[Opening AVAILABLE DATA section]

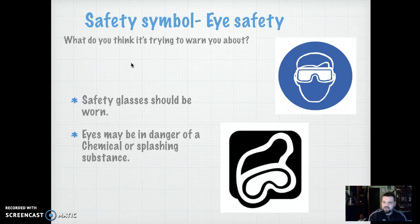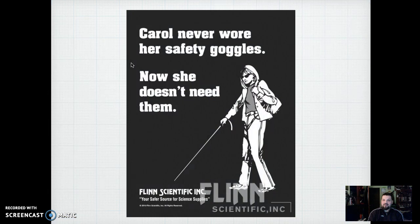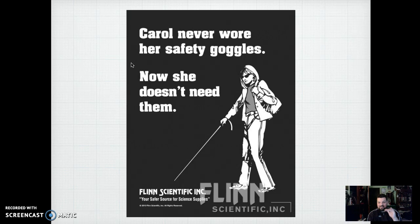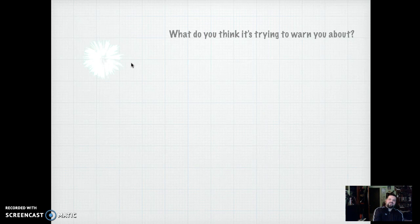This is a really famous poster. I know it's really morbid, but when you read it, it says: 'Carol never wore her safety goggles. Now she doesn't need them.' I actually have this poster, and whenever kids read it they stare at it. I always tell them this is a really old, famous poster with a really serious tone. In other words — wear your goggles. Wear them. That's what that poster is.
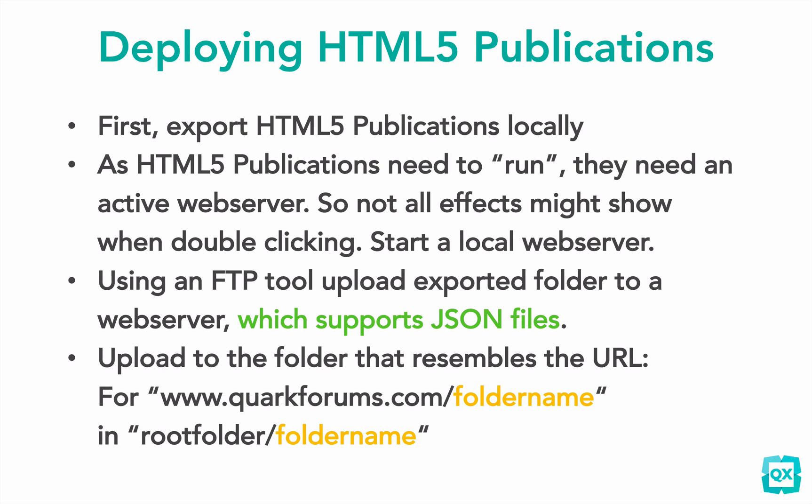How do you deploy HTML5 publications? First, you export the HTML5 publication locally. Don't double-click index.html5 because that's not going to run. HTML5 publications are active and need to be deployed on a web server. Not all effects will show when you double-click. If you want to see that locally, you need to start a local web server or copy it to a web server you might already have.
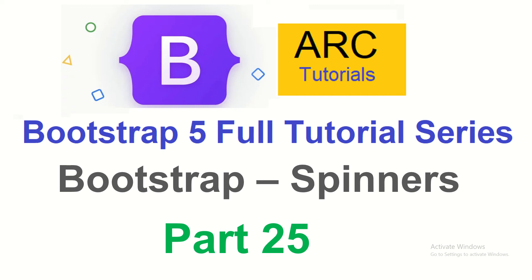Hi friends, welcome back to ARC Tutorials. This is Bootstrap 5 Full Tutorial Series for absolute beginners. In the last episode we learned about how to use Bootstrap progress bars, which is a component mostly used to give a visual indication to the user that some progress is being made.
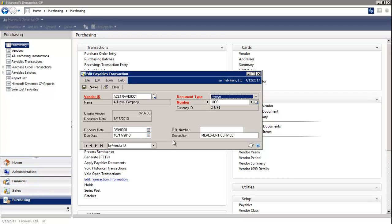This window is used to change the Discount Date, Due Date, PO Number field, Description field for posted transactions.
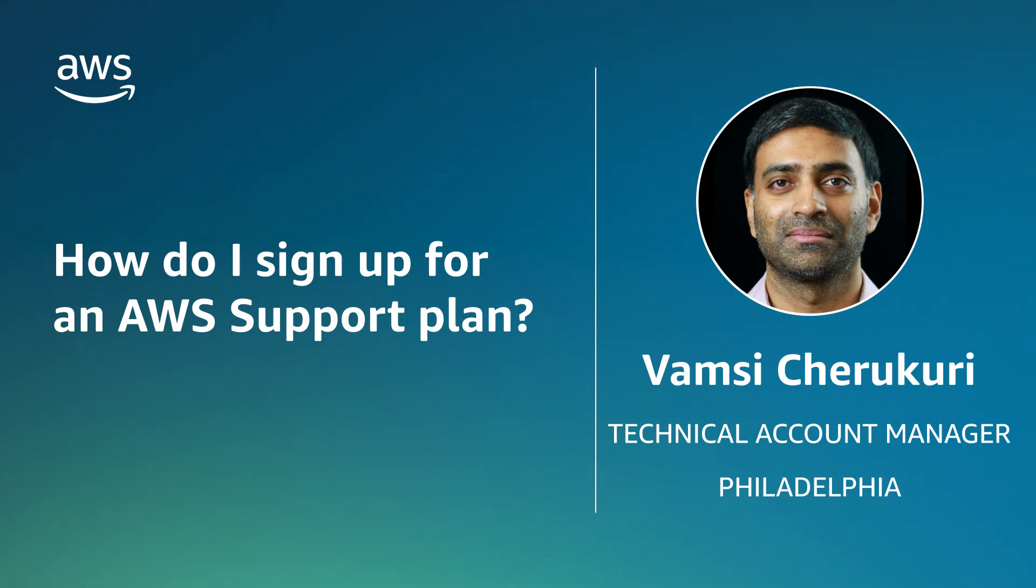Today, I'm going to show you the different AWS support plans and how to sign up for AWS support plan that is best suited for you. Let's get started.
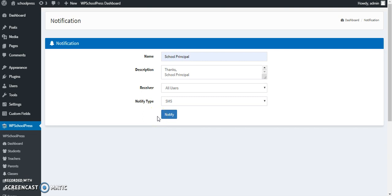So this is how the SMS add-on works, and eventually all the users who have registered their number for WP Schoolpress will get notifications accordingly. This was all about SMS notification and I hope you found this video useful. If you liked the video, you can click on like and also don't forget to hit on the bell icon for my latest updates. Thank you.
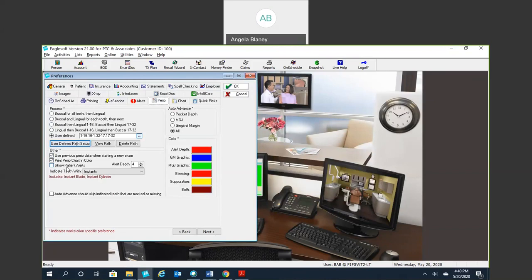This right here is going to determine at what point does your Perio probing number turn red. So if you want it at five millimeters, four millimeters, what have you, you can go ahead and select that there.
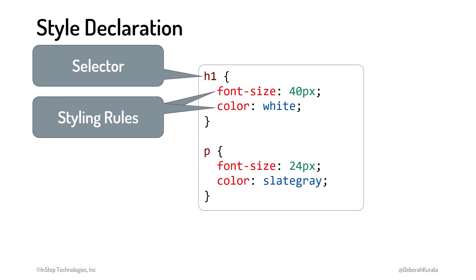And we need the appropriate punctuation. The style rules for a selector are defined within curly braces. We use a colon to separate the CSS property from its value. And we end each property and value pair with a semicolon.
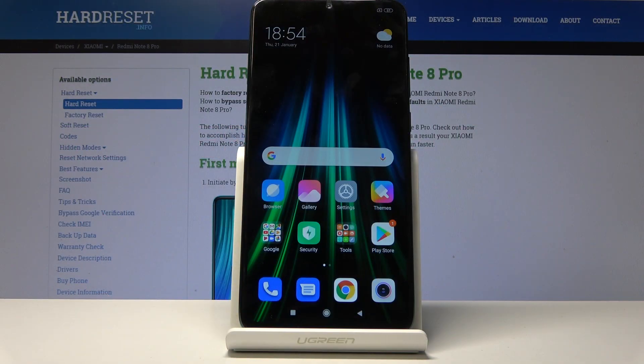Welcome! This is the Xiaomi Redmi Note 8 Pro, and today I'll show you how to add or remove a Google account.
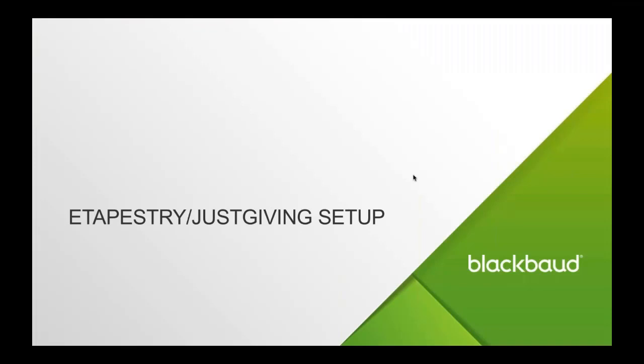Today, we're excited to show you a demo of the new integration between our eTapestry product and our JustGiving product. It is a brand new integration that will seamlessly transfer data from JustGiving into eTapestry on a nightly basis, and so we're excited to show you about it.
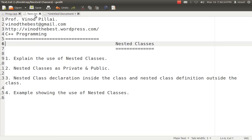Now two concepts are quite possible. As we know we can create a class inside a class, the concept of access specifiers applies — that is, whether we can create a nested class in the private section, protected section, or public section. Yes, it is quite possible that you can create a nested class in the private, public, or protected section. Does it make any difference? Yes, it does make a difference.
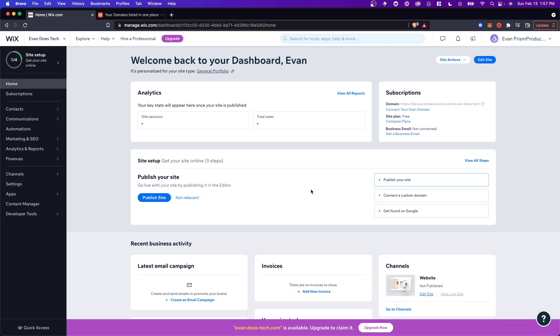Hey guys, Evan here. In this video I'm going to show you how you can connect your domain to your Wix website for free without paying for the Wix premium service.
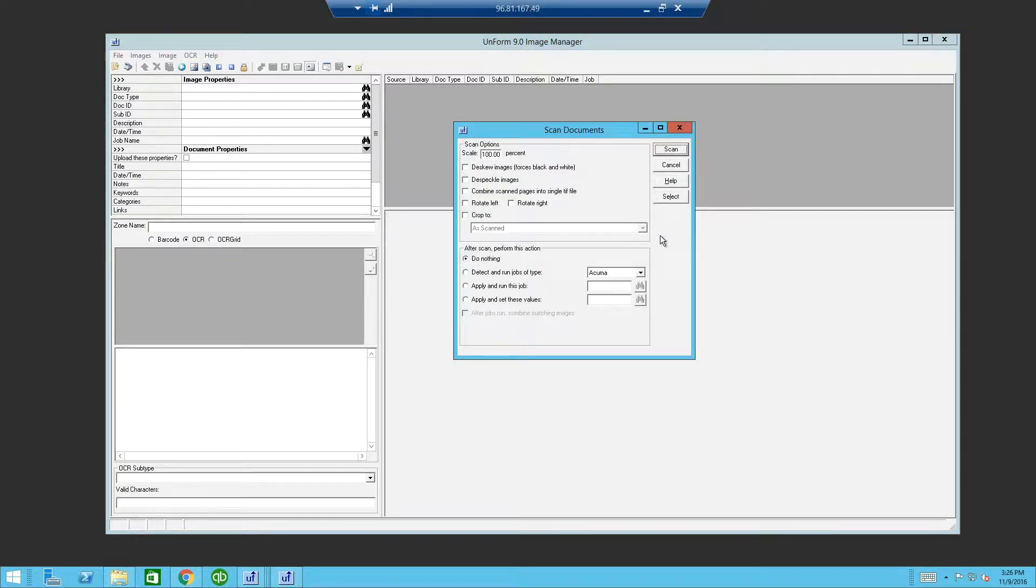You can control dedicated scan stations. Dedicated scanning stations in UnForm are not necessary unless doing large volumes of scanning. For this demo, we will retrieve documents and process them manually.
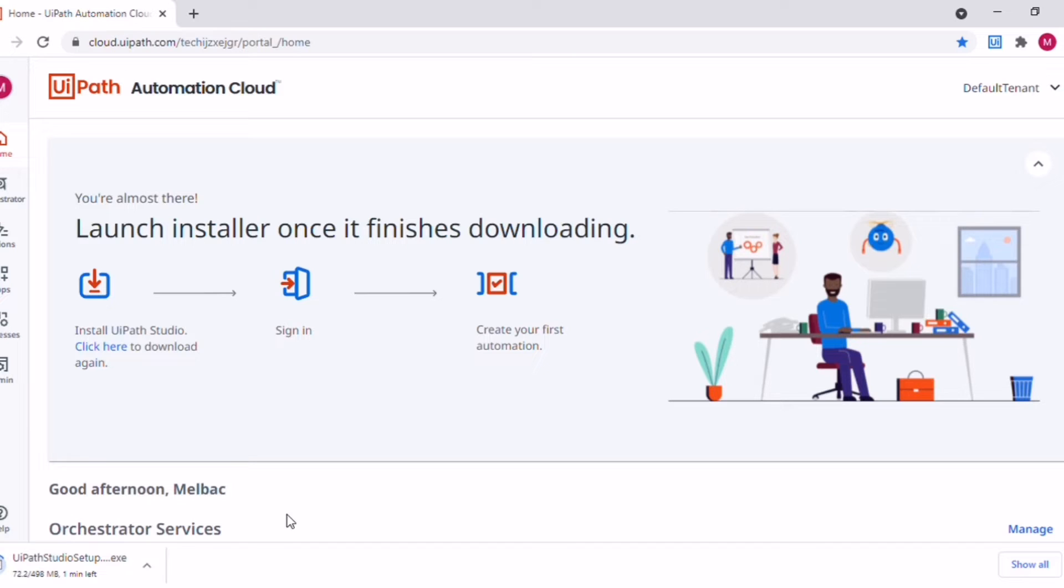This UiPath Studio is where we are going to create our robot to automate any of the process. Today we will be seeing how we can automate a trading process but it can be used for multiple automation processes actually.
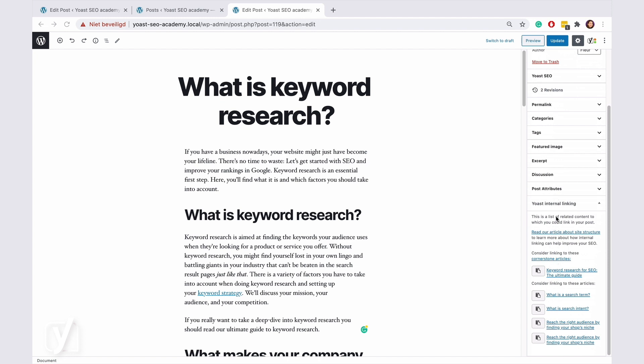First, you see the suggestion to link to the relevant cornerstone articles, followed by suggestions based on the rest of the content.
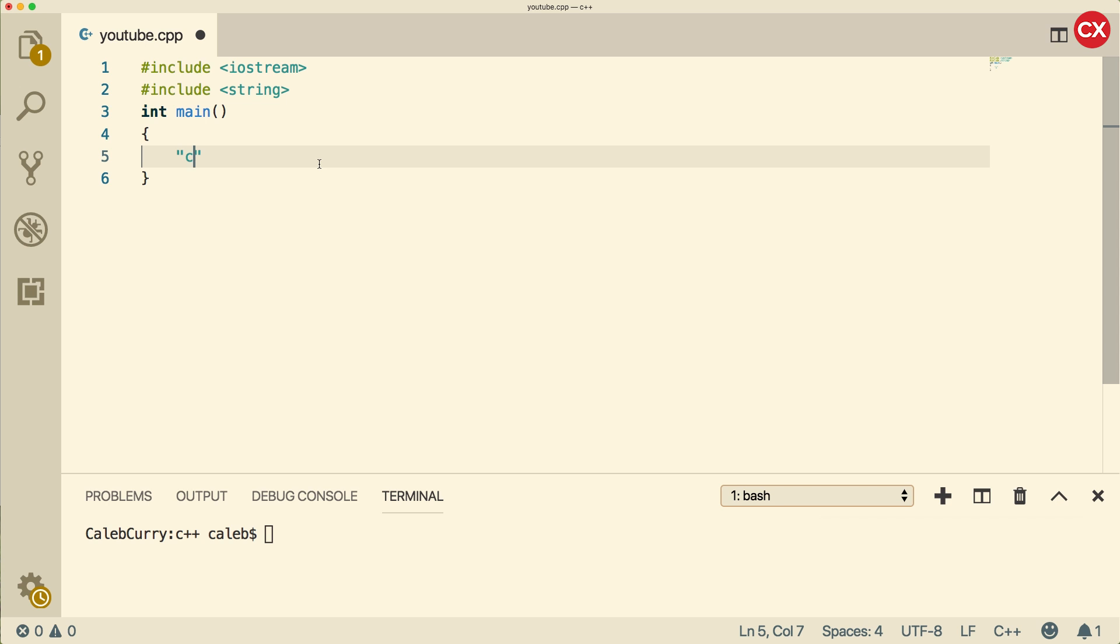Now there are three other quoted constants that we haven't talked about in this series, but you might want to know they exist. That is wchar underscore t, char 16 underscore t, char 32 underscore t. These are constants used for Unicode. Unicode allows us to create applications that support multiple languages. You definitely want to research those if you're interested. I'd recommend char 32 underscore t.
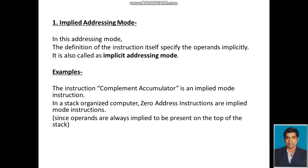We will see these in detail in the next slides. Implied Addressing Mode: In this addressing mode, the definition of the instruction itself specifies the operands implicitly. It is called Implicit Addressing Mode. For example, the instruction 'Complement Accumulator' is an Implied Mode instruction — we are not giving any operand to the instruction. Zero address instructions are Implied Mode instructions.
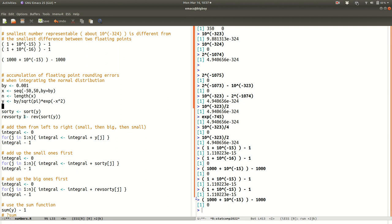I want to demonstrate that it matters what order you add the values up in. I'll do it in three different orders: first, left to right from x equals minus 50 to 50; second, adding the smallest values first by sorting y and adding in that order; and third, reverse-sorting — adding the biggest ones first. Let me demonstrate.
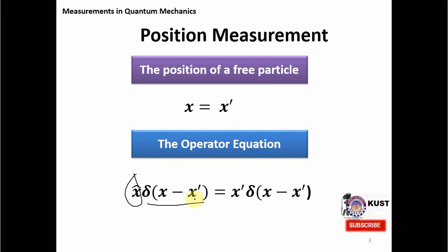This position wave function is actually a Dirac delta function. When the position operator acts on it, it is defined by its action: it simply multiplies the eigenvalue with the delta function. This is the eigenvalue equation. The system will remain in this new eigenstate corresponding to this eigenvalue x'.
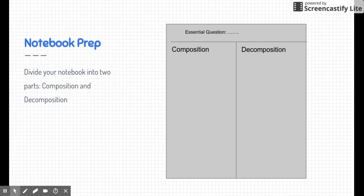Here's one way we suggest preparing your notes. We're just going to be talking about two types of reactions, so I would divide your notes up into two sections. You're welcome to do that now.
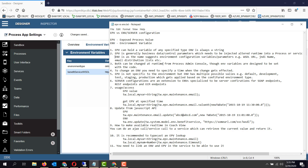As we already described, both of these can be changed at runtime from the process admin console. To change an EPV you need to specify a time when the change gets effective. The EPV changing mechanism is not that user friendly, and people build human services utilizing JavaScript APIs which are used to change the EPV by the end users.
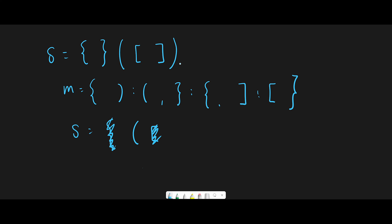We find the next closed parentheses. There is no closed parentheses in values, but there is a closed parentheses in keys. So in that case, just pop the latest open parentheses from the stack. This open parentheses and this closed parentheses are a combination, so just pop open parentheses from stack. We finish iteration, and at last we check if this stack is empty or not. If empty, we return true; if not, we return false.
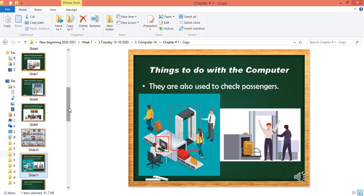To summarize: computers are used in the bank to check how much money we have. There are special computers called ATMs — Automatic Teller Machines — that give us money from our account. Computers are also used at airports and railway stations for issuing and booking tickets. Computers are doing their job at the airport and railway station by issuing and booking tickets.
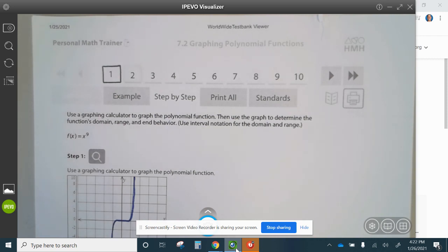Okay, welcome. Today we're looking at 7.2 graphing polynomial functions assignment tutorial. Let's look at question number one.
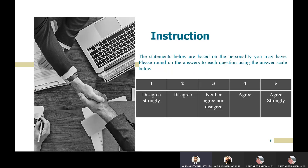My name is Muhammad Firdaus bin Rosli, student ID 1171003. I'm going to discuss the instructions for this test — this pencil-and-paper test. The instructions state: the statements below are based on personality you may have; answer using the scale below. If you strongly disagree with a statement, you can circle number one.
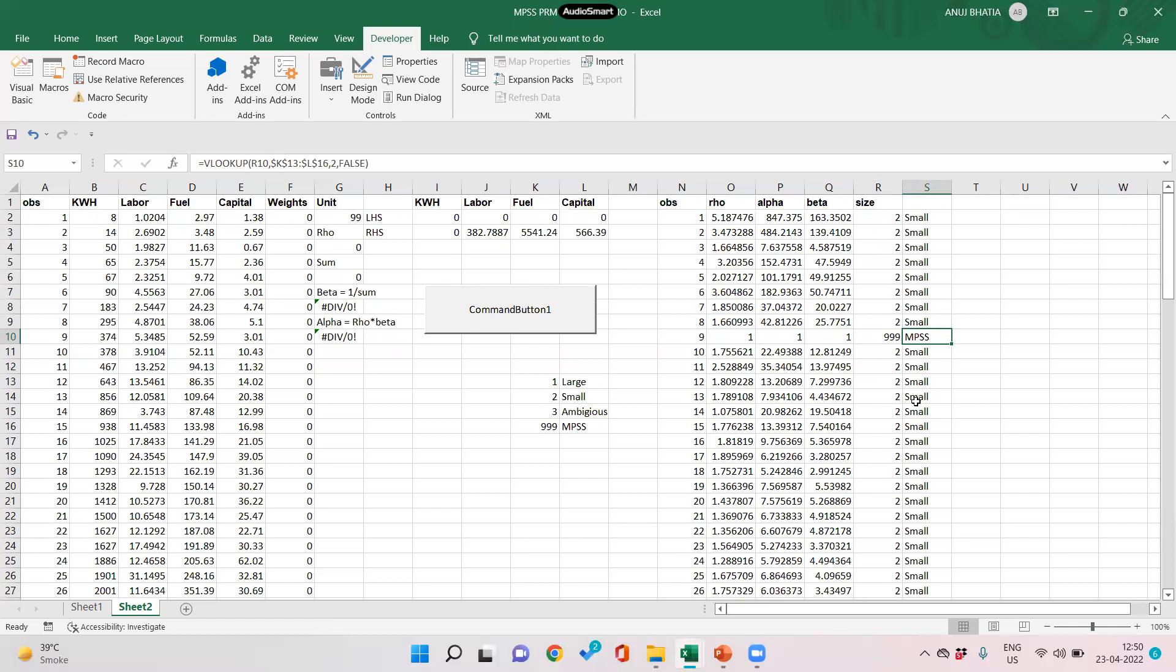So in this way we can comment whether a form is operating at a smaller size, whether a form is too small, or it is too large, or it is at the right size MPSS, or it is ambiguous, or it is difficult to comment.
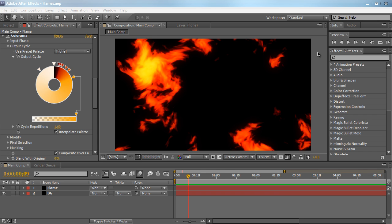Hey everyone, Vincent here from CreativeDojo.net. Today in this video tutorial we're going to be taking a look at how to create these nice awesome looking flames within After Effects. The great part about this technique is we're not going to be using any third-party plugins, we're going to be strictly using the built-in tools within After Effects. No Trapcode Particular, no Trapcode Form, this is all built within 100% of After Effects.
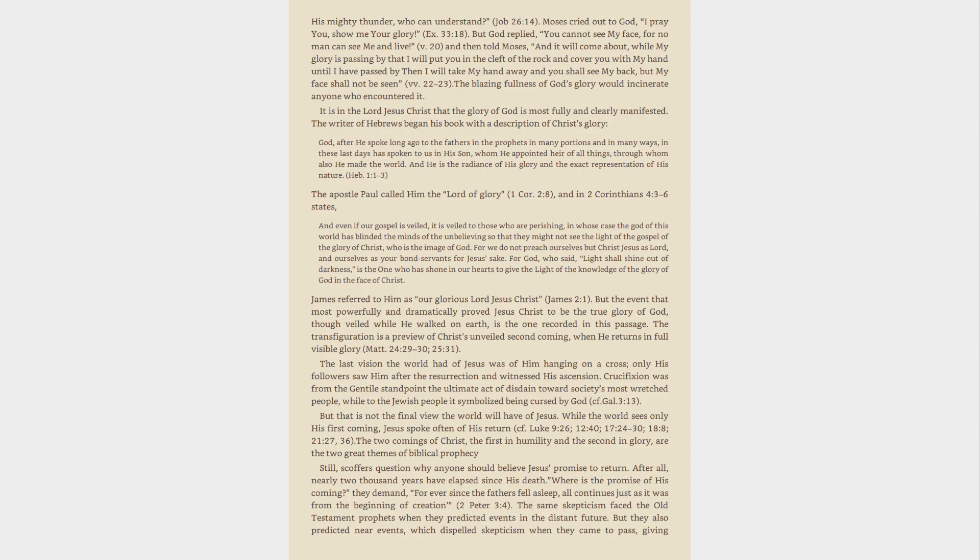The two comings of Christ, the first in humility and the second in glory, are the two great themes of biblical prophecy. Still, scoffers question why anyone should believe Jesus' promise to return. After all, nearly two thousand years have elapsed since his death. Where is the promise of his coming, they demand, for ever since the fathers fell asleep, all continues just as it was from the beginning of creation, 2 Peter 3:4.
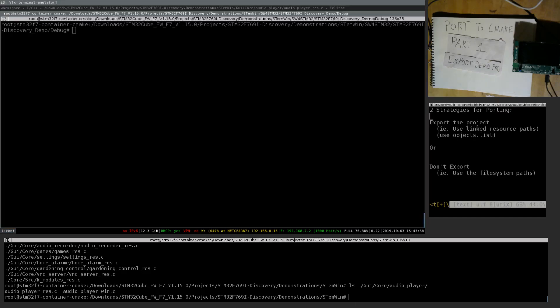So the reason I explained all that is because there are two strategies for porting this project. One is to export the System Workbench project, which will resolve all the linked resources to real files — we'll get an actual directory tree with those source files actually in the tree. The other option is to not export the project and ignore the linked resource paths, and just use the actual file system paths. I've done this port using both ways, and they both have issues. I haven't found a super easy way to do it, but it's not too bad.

[Closing AVAILABLE DATA section]

EXERCISE PROMPT:
Would you copy the lines above exactly, starting with the one that has "To summarize: computers" and ending with the one that has "Okay, welcome. Today", both included, without the pictures?

RESPONSE BOX:
To summarize: computers are used in the bank to check how much money we have. There are special computers called ATMs — Automatic Teller Machines — that give us money from our account. Computers are also used at airports and railway stations for issuing and booking tickets. Computers are doing their job at the airport and railway station by issuing and booking tickets.
Okay, welcome. Today we're looking at 7.2 graphing polynomial functions assignment tutorial. Let's look at question number one.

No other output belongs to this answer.